Uzi Peres
Quick Facts
Biography
Uziel Shlomo Peres (Hebrew: עוזיאל שלמה פרס), commonly known as Uzi Peres (1951-1992) was an Israeli director, scriptwriter and producer.
Biography
Uzi Peres was born in Geneva, Switzerland on 21 February 1951 and raised in Tel Aviv. His father, Gershon Peres (1925-2011, better known as Gigi) was a building contractor, and the younger brother of future Prime Minister and President of Israel, Shimon Peres; his mother, Carmela Keyla Peres, was an athlete. His first cousin once removed was American movie star Lauren Bacall.
He went to Ironi Dalet High School in Tel Aviv, and then served in the Israeli Defence Force and fought in the Yom Kippur War. After being discharged, he studied Film at Tel Aviv University and the New Sorbonne in Paris.
Peres died aged 41 on 31 July 1992, when he was one of 113 people killed on the Thai Airways International Airbus that crashed into a hillside whilst trying to make a bad weather landing in Kathmandu. He left a wife, Bracha, and three children, Sara, David and Michael. Together with the Israel Film and Television Directors Association, the Peres family established an annual prize in Uzi's name, awarded in conjunction with the Tel Aviv Cinematheque, to the director of an outstanding short film.

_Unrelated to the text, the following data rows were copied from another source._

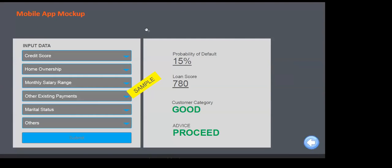Whatever modeling techniques you use, that doesn't matter to a business person. The business guys are direct selling agents in the field all day meeting customers — they need not run models themselves. You have to give them a very user-friendly interface. The app will be on their device; they simply enter the variables and the app will automatically tell whether the customer is a good customer or not and whether to proceed with loan disbursement. Only a model will not help unless you create an interface with the business.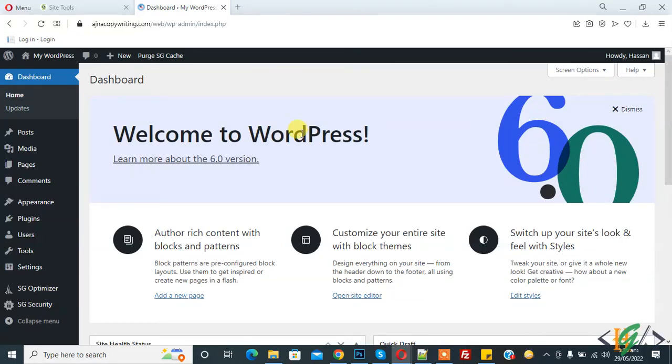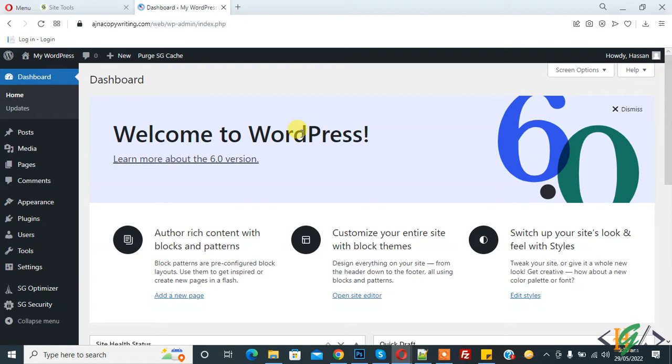Bismillahirrahmanirrahim, Assalamu Alaykum. My name is Asan and today we are going to control or limit WordPress Heartbeat API to control the CPU utilization. Before starting work, it's my request please subscribe my channel. Thank you. Now back to our work.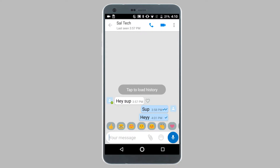While this last seen timestamp is useful in many ways, it can also be annoying because one of your contacts can see your last seen timestamp and come to a conclusion that you have been ignoring their messages. Basically this feature kind of forces you to respond to messages on time, which may be inconvenient for you.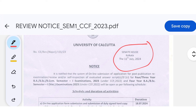It is notified that the system of online submission of application for post-publication, re-examination, review and/or self-inspection of evaluated answer script (FSI) for 4-3 years BA/BSC semester 1 examination 2023 under CCF 2022, and 4-year BA/BSC semester 1 examination 2023 under CCF 2022 will be open as per the following schedule.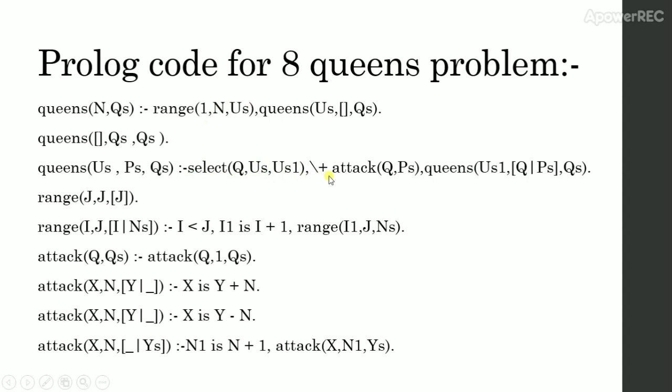The function attack considers only diagonals, because if a queen is placed in a row, then this will be removed from a list. So the qs only contains the row in which the queens can be placed.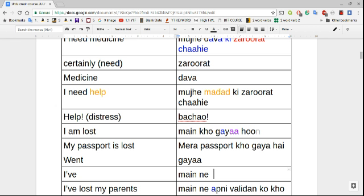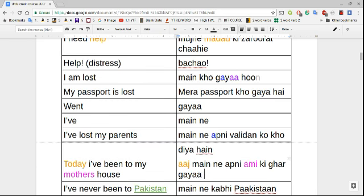'Mein kho gaya hoon' — I am lost. 'Kho' means lost, 'gaya' means went — literally 'I lost went am.' 'Mera passport kho gaya hai' — I've lost my passport. 'Mera' is used because 'passport' is masculine. If it were a feminine word, like 'kitaab,' it would be 'meri kitaab kho gayi hai' — I've lost my book.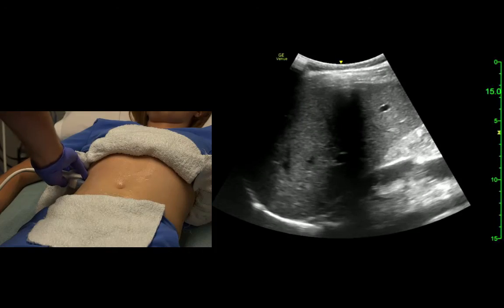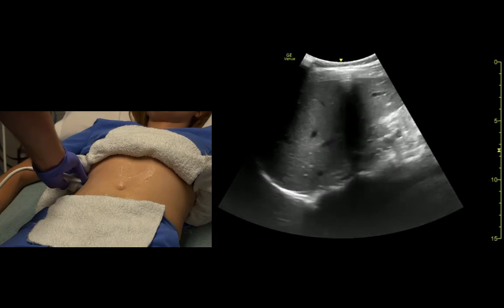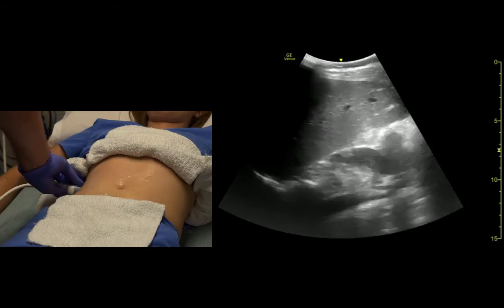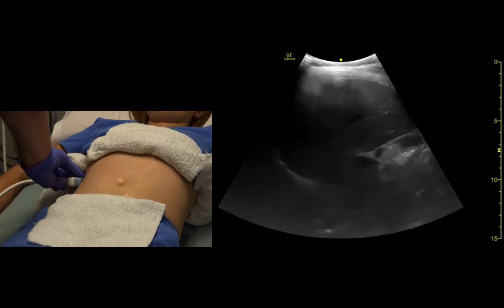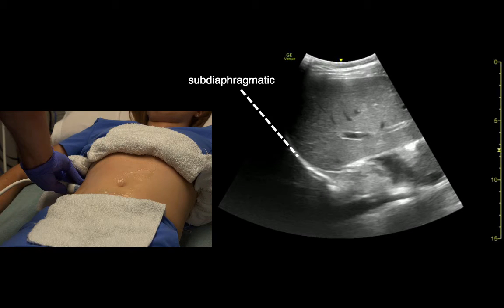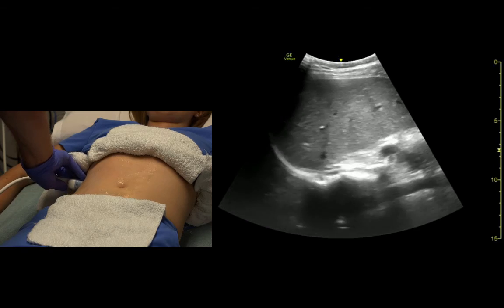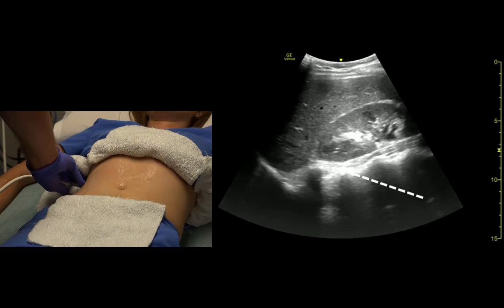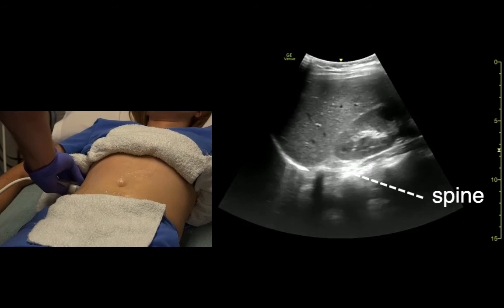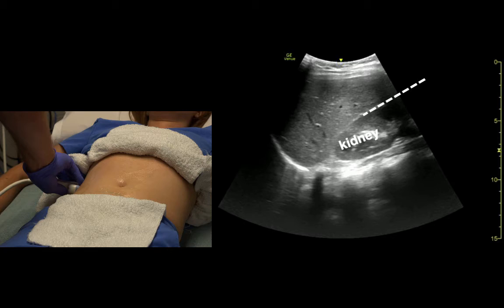We'll point out the potential spaces again: the sub-diaphragmatic space, and we see the spine — the spine should stop at the diaphragm — then the kidney, and Morrison's pouch.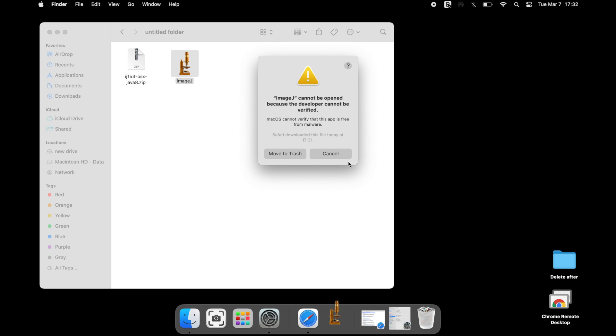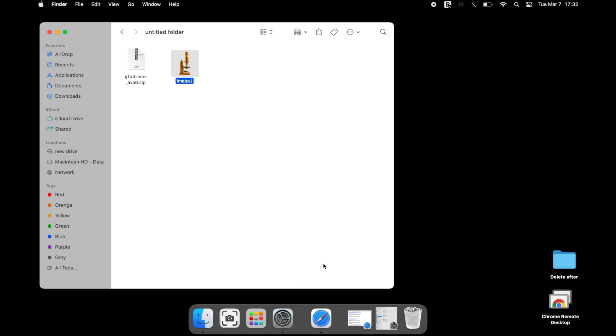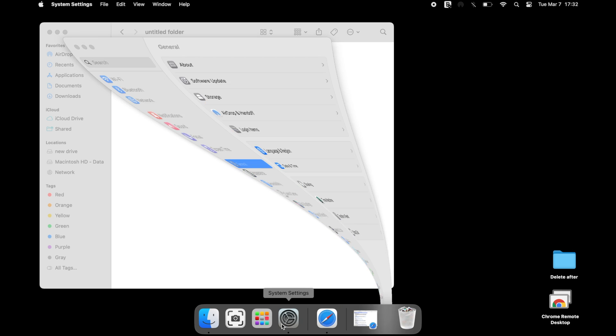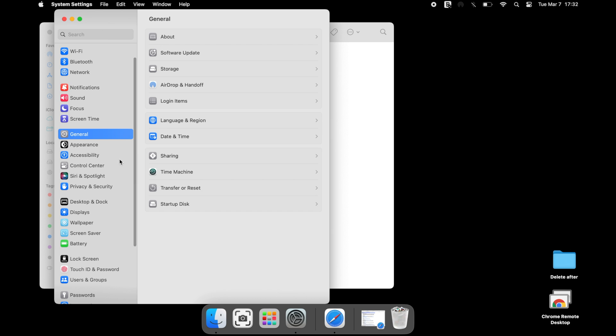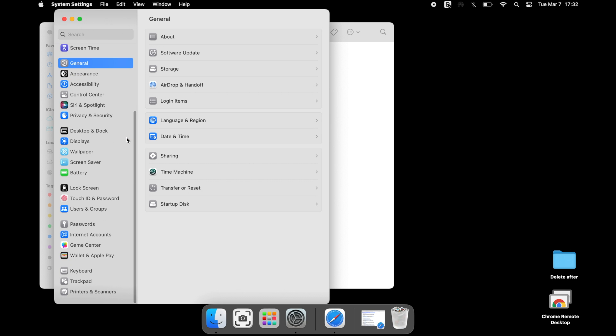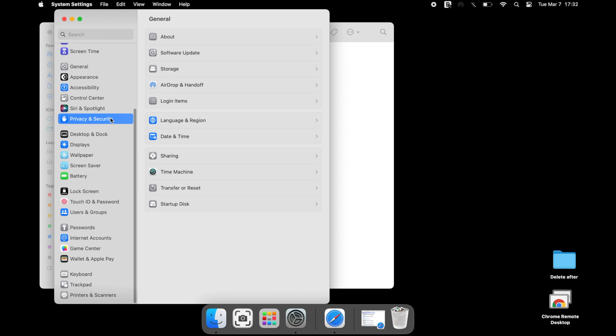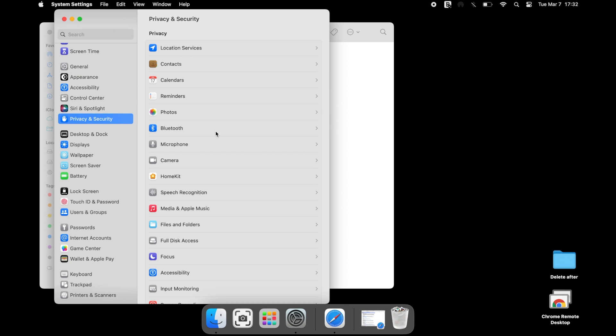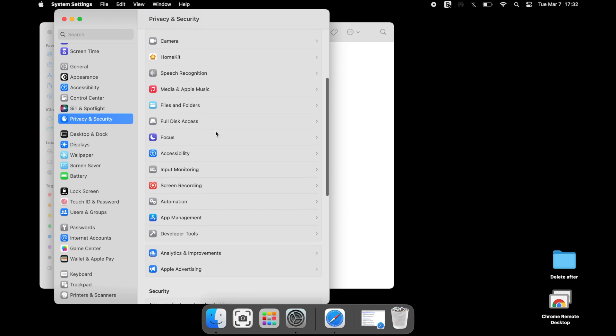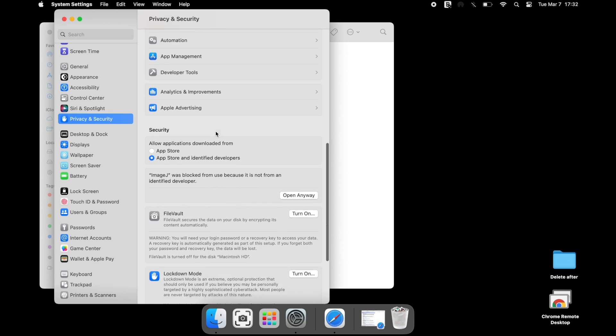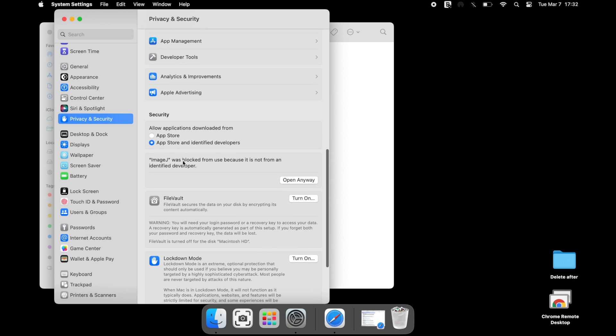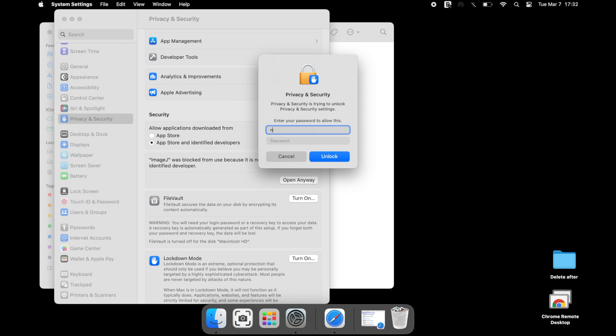Head to the system settings on your computer and scroll down to privacy and security. Under privacy and security, locate and find the message that displays ImageJ was blocked from use because it is not from an identified developer. Select open anyway.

A plaque dedicates to Peres at Tel Aviv Cinematheque includes a quote from one of his early films, Pareil pas pareil (1978), which reads: "I would like to be able to turn every moment of life into a celebration, to build memorials to everything beautiful, to all that exists ... in order to preserve and endlessly multiply all that a dream allows."
Film career
Peres began his career with The Wait, a short 16mm film made in Israel in 1974. He continued to work in France, making three more short 16mm works: Choisir (1975), Cathédrales (1976), which won first prize at the short film festival in La Raincy, and Sans Draps (1977). He also worked as an editor on Frédéric Rossif's film La Fête Sauvage (The Wild Nation, 1976) and television series L'Opéra sauvage (1975-1981).
Returning to Israel in 1977, Peres became a founding member of Kayitz, also known as the Young Israeli Cinema group, with other filmmakers including Nissim Dayan, Nadav Levitan, Rachel and Yehuda Ne'eman, and Renen Schorr. The group published a manifesto in Kolnoa magazine, insisting that they shared no single ideology or aesthetic principles, but were united by their search of an innovative Israeli film language. Responding to the government's preference to support other arts ahead of cinema, they suggested that Israeli films should be produced with small crews and low budgets, but they also lobbied for increased funding for non-commercial cinema, which led to the foundation of the Fund for the Encouragement of Original Quality Films in 1978. He only made one more short in Israel, however - 1978's Hand Exercises, which won a Best Actor award at an Israeli short film competition.
Peres returned to France to make his first feature films: Pareil pas pareil (1978), L'amour mensonge (1979) and Shadow of a Game (1980). The first he directed in Israel was First Love (1982), produced by his sister, Ruth. Here, Yitzhak (played by Hanah Goldblatt) leaves his kibbutz during a midlife crisis returns to his first love, Ziva (Gila Almagor) now aged 40 with two teenage children, with inevitable complications for all involved. His final film, Me and My Wife's Lover, was also made in Israel and produced by Ruth Peres, and released in 1983.